Although the main issue facing motorists traveling to and from and the Vero Beach mainland is the recently started four-year effort to rebuild the 17th Street Bridge, a number of smaller construction projects along Highway A1A have added to motorists’ woes on the island’s main thoroughfare.

At least a half dozen areas of active construction along A1A from the southern part of the town of the Indian River Shores to the 17th Street causeway have turned the major traffic artery into what often looks more like an obstacle course.

“I wish they would have finished whatever they are doing on A1A before they started the lane closures on the 17th Street Bridge,” one Vero Beach policeman exclaimed in frustration recently. “This is not good for traffic. They delayed that bridge project so many times, what difference would it have made if they waited another couple of weeks so we can get all the stuff along A1A finished?”

Traveling south on A1A from Indian River Shores, motorists are first faced with the closure of Indian Lane on the west (lagoon) side of the highway. Shores Town Clerk Janice Rutan said this is part of a project by the Florida Department of Transportation (FDOT) and Florida Gas to install the infrastructure for bringing natural gas to the island.

Fliers were distributed to area residents last month saying the project would start Aug. 26 and last for one week, until Sept. 1. However, construction started a day late and three weeks later, the street was still closed off – access is only via Seminole Lane one block further south.

Two backhoes from TB Landmark Construction Co. of Jacksonville along with trucks full of gravel and pipes were parked at the end of the street, completely blocking the road, along with a smelly porta potty. It had been days since any construction workers had been seen at the site.

“We understand (the project) is moving forward now after some internal delays,” Rutan said.

Just a couple of blocks further south, construction vehicles have been going into and out of the Pebble Bay development off A1A where a pavement repair and stormwater runoff improvement project started last May. Rutan said final repaving was scheduled to start Sept. 25 and be completed in a week.

Across the street on the ocean side, construction vehicles have been turning in and out of two new housing developments, Surfsedge and just south of it, Indigo on the site of the old Tracking Station.

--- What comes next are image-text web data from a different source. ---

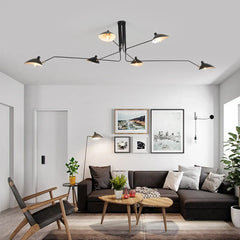 Industrial Black Multi-Arm Pendant Light E14 3 or 6 Heads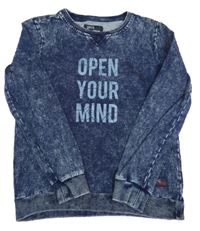 Tmavomodrá plísňová mikina riflového vzhledu s nápisom POCOPIANO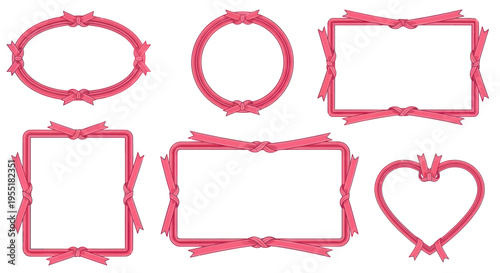 Red torn paper photo frames.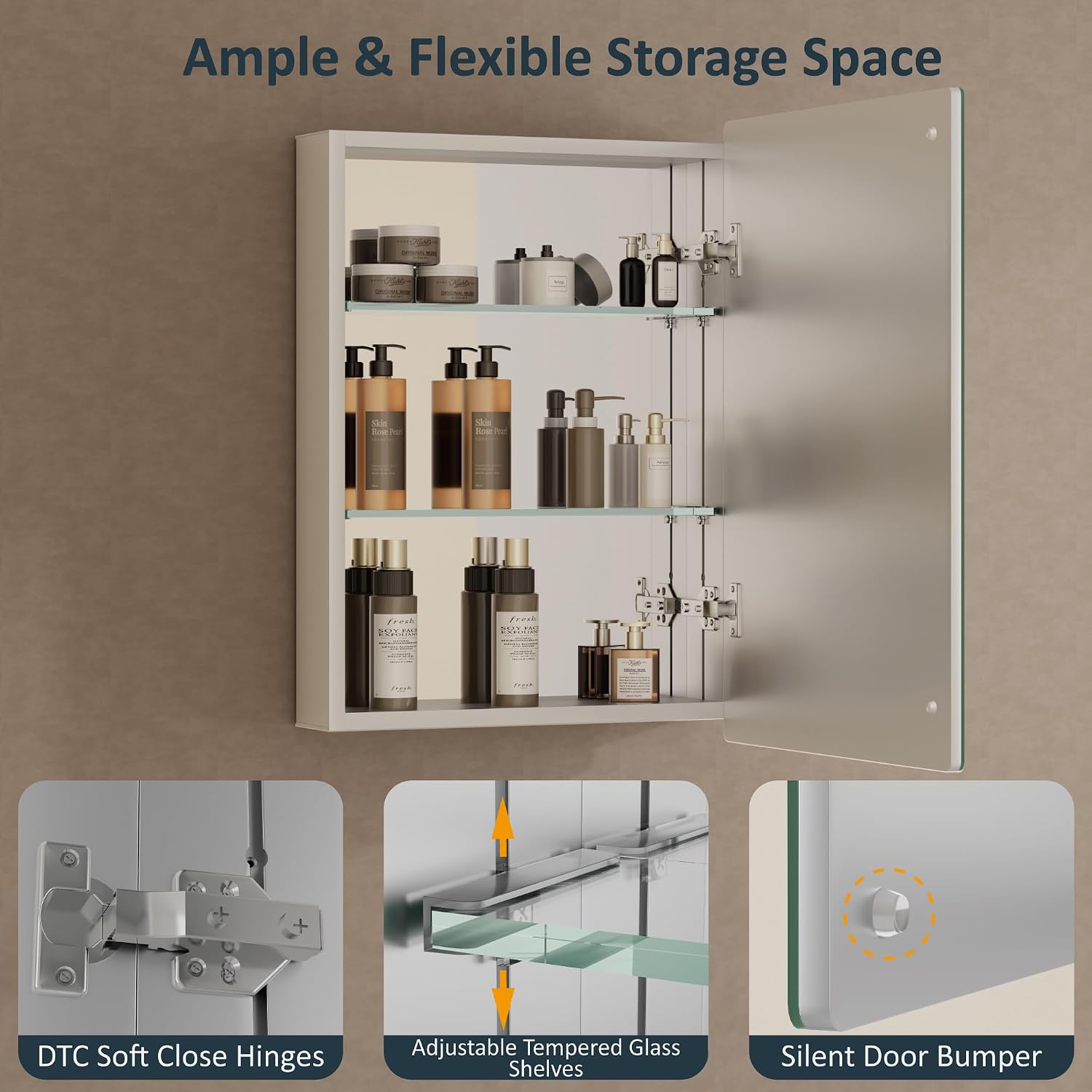 24x30 Inch Medicine Cabinet with Mirror, Recessed or Surface Mounted Bathroom Cabinets for Storage, 2 Fully Adjustable Tempered Glass Shelves, Soft-close DTC Hinges, HD Reflection Mirror Door, Silver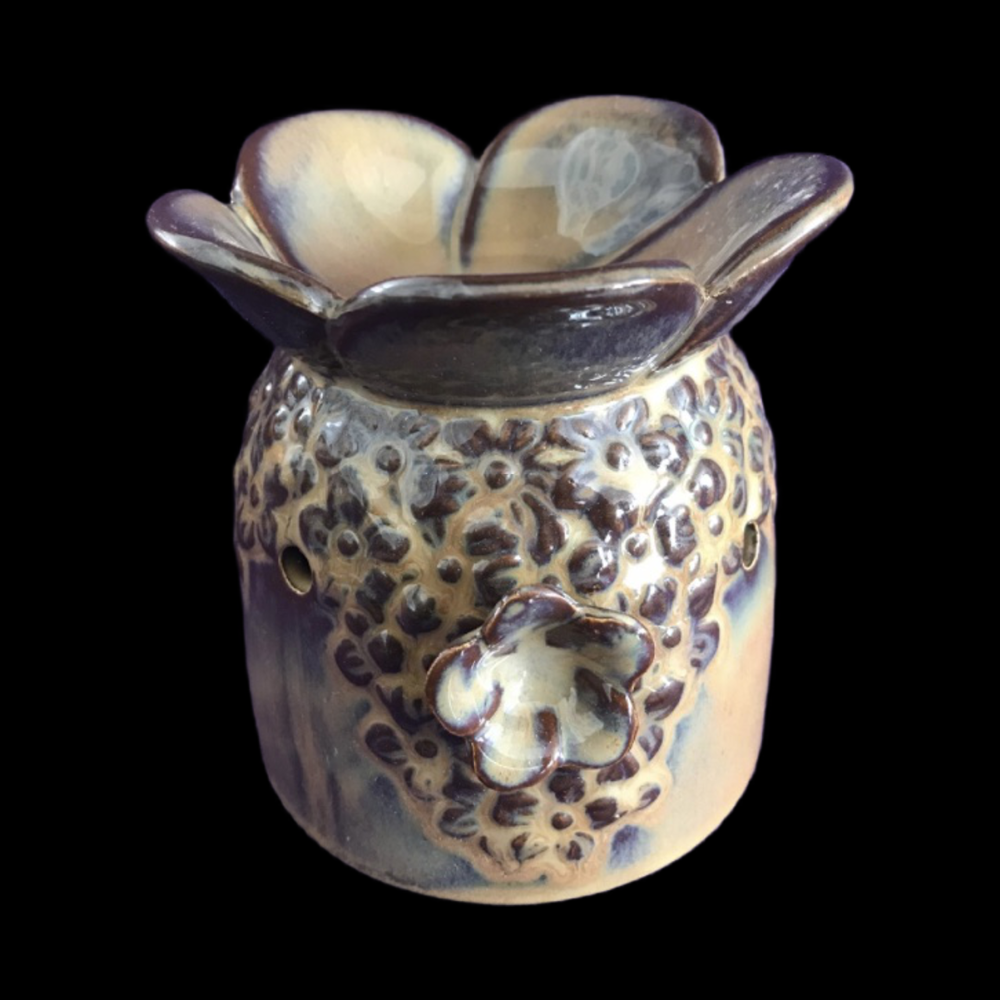 Brown Floral Tea Light Burner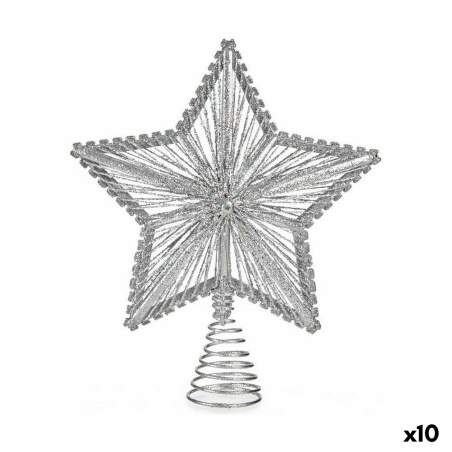 Christmas star Silver Steel Plastic 20 x 5 x 25 cm (10 Units)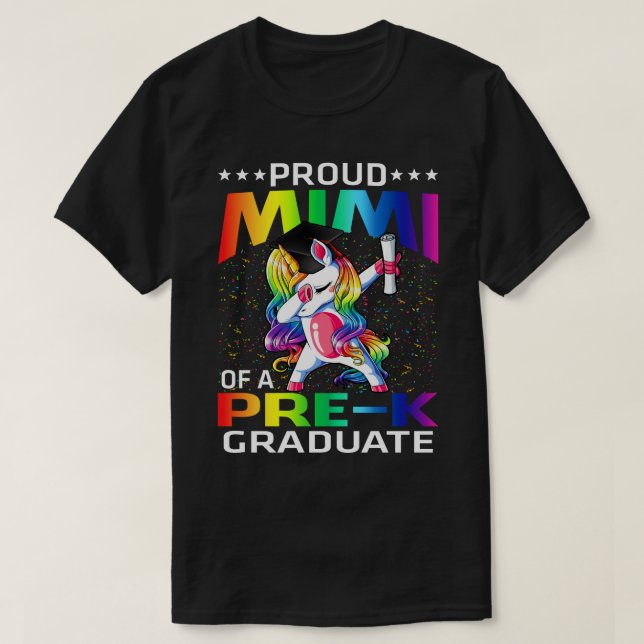 Proud Mimi Of A Pre-K Graduate Unicorn T-Shirt (Design Front)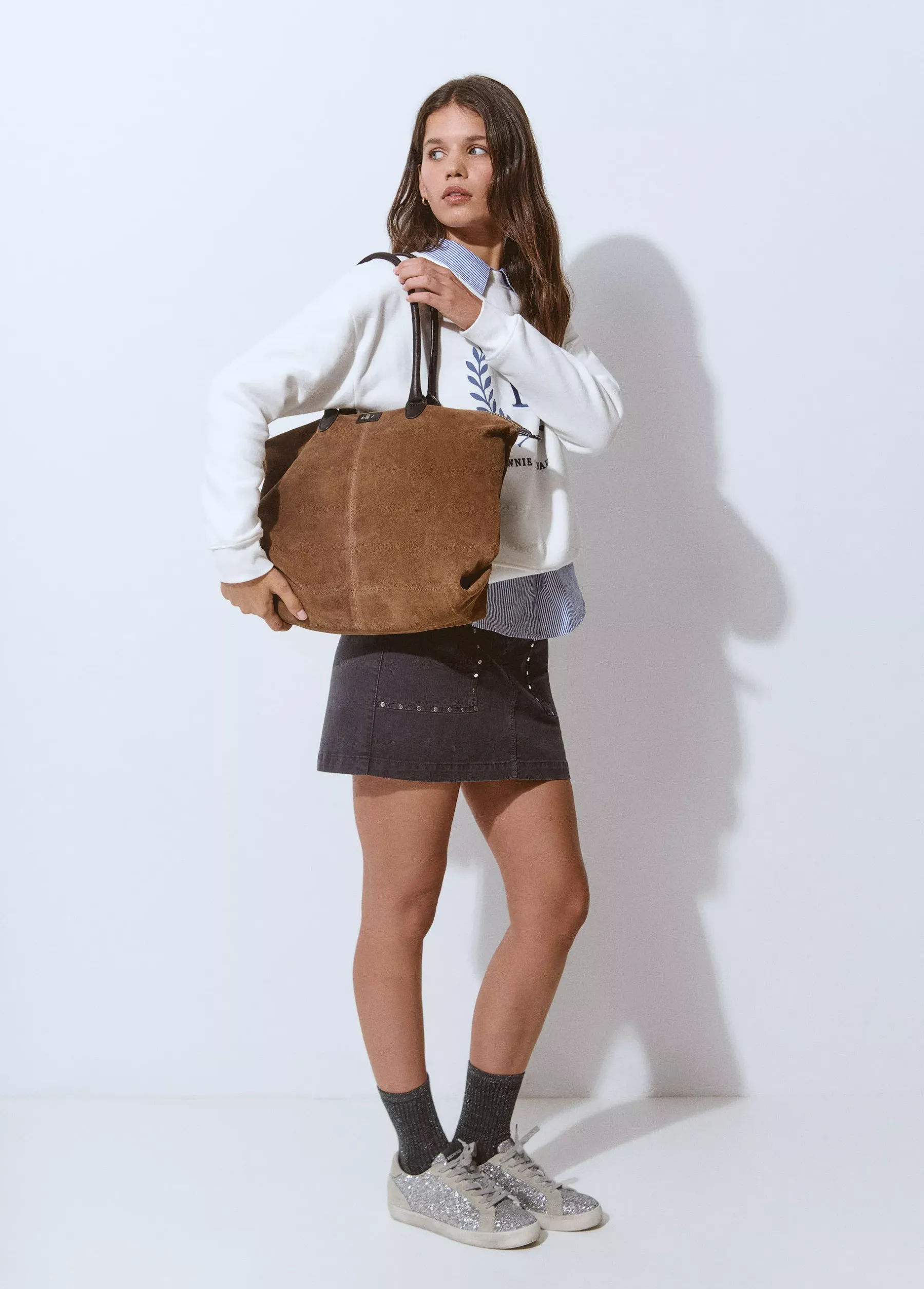 Bolsos*Brownie Bolso piel shopper cremallera Taupeoscuro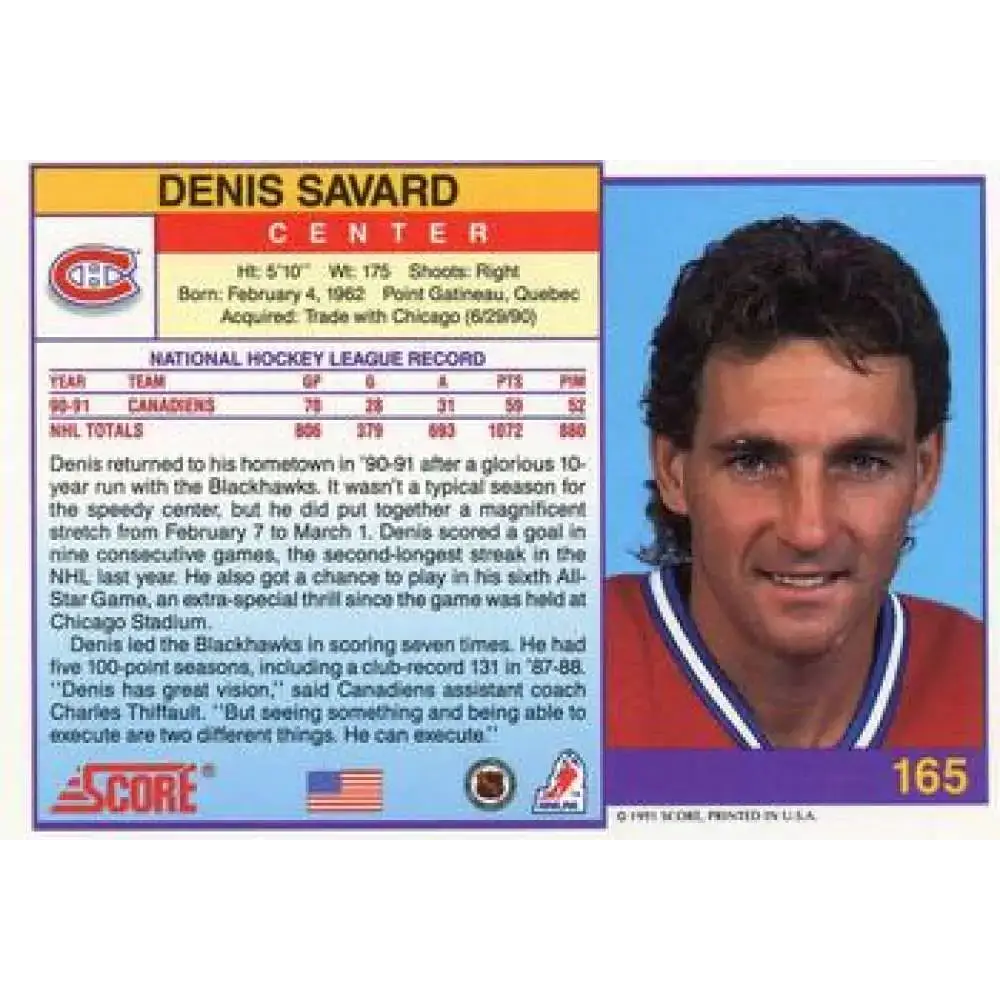 1991-92 Score American #165 Denis Savard NM-MT Montreal Canadiens Hockey Card - Hockey Card Single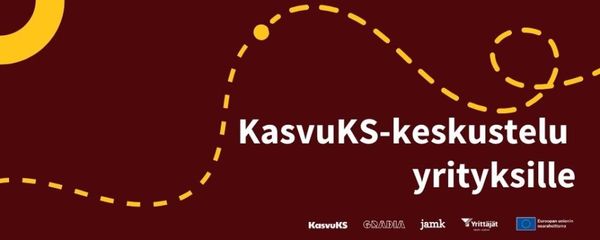 KasvuKS-keskustelu yrityksille. Logot: KasvuKS, Gradia, Jamk, Yrittäjät, Euroopan unionin osarahoittama.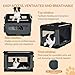 Fobyfurny Hundebox Faltbar, 3-Türiger Transportbox Hund, 60 x 42 x 42 cm, Tragbare Hundetasche mit Reflektierenden Streifen und Taschen, Oxford-Gewebe, Die Matte ist Abnehmbar, Grau, FPDT005OG1
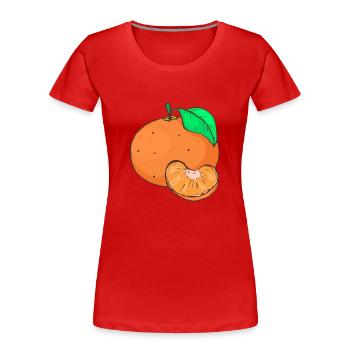 Mandarinen Clementinen Zitrusfrucht Zitrusfrüchte - Frauen Premium Bio T-Shirt - Rot - Vorne - Mia (176cm)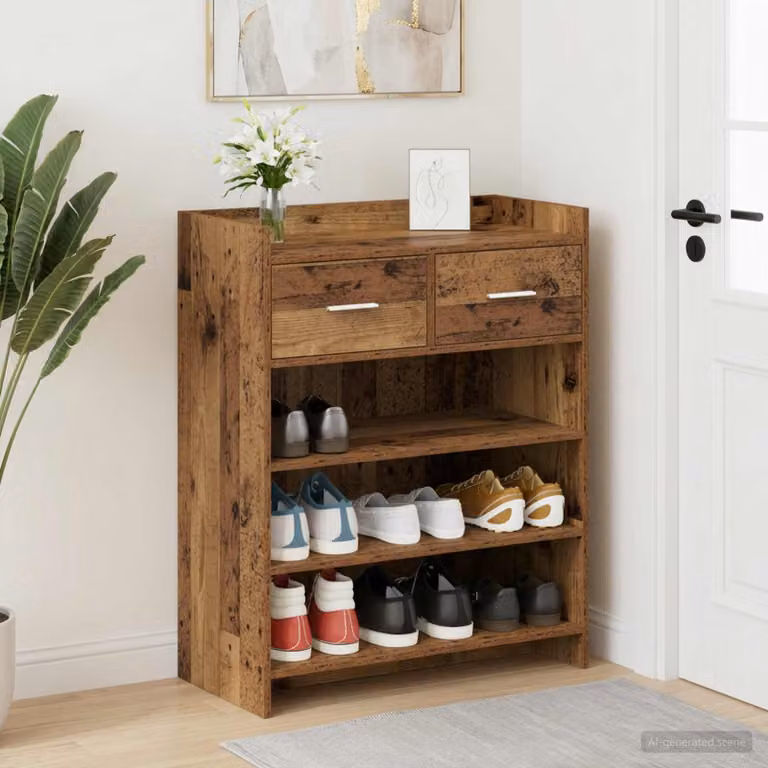 Mobile porta scarpe moderno vidaXL in legno marrone L: 73,5 cm, P: 36 cm, H: 92 cm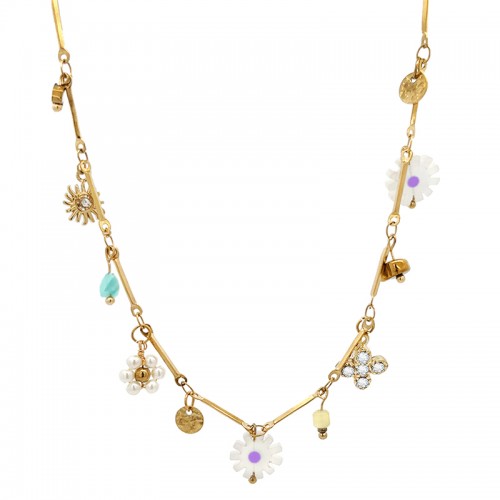 COLLANA CON CHARMS FIORI - NK21124144E88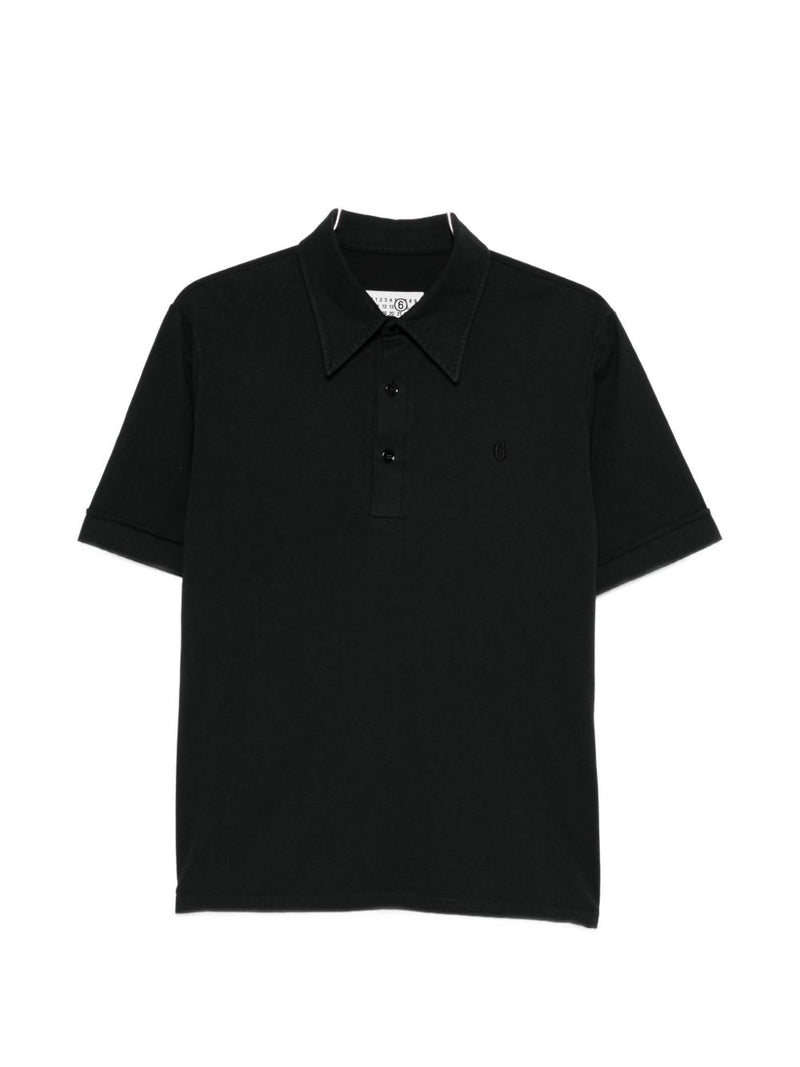 MM6 Maison Margiela Logo cotton polo shirt | Urbalenti™ NYC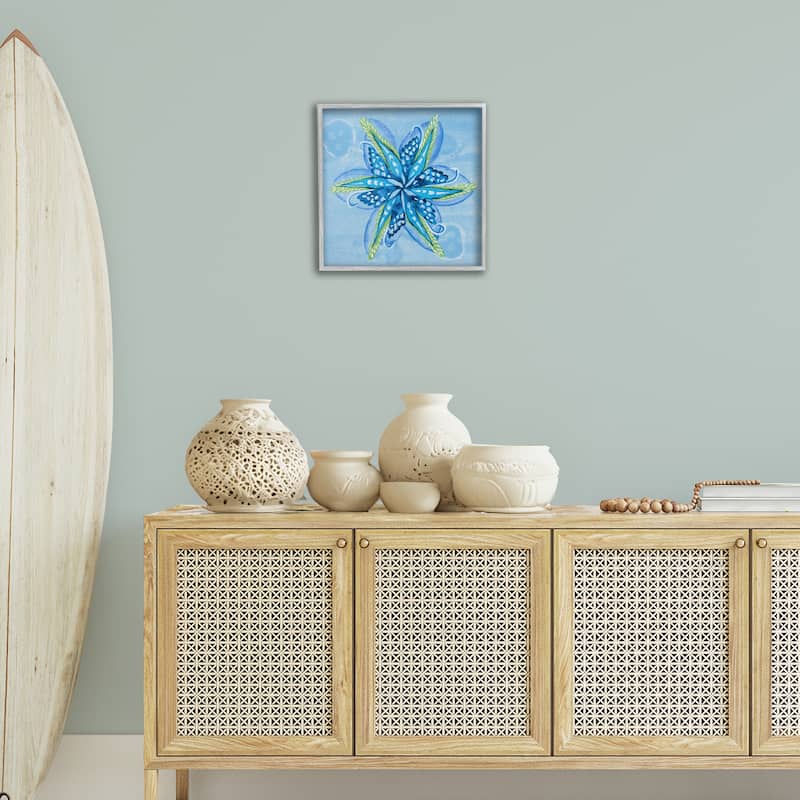 Stupell Star Shaped Abstract Flower Framed Giclee Art Design By Liz Jardine
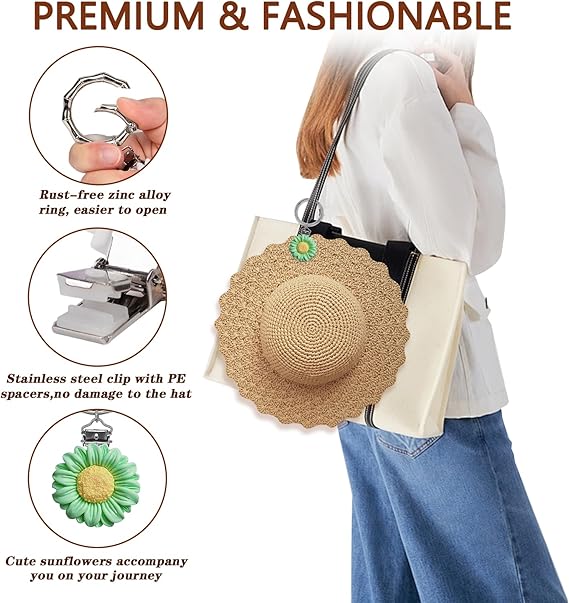 2Pcs Hat Clip for Travel on Bag - Beach Cruise Essentials Accessory for Handbag Backpack Luggage Purse Travel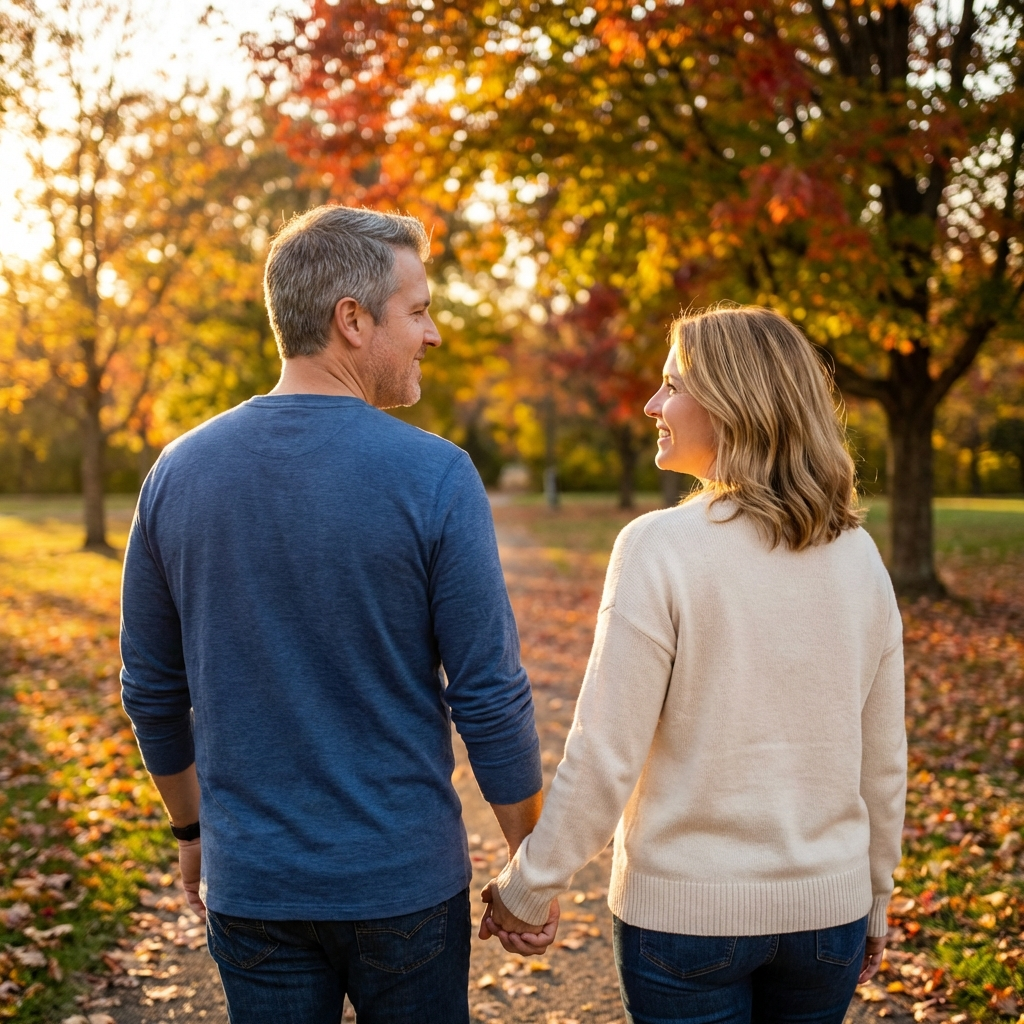 Older American couple walking together in a park at golden hour, holding hands, seen from slightly behind, warm late afternoon sun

Just a few yards further south, a big Ditch Witch machine is still parked along the west side of A1A where crews have been working for the past couple of weeks on a “trenching project,” according to Rutan. For several days last week, as a big water tanker truck was parked along the road’s shoulder, southbound traffic was diverted via orange construction cones to the middle turn lane.

Perhaps the biggest hassles await motorists further south along A1A as they approach the traffic light at Beachland Boulevard. On the east (ocean) side of the road, the new sidewalk between the bridges appears to be basically finished. But now big concrete barriers have been put up along the west side of the road between Beachland and the private Quail Valley club, and little activity seems to have taken place in the last few days.

That project is still slated for completion sometime this fall, but on-demand pedestrian crossing lights still need to be added. Start and end dates for FDOT construction project have not enjoyed a great amount of credibility in the past.

A major new bottleneck has emerged at the intersection of A1A and Beachland for southbound A1A traffic turning right onto Beachland to head for the Merrill P. Barber Bridge to cross to the mainland. Crews are working to extend the righthand turn lane and make it longer, as well as install new culverts to improve drainage, a pet project of County Commissioner Laura Moss, a former Vero Beach city councilwoman.

But while the work is going on, there is no right-hand turn lane at all – a problem aggravated by the fact that traffic volume across the Barber Bridge has increased because of the diminished traffic capacity on the 17th Street Bridge. Especially in the late afternoon when contractors and other workers return to the mainland from work sites on the island, traffic has often backed up on A1A for several blocks, an unusual sight for Vero Beach in the supposedly “light” summer months before snowbirds return.

Motorists trying to avoid that bottleneck intersection by taking Indian River Drive East past the Marina and Yacht Club would do well to drive slowly, since the speed limit on that winding street is only 25 mph and the Vero Beach Police Department frequently sets speed traps along that road.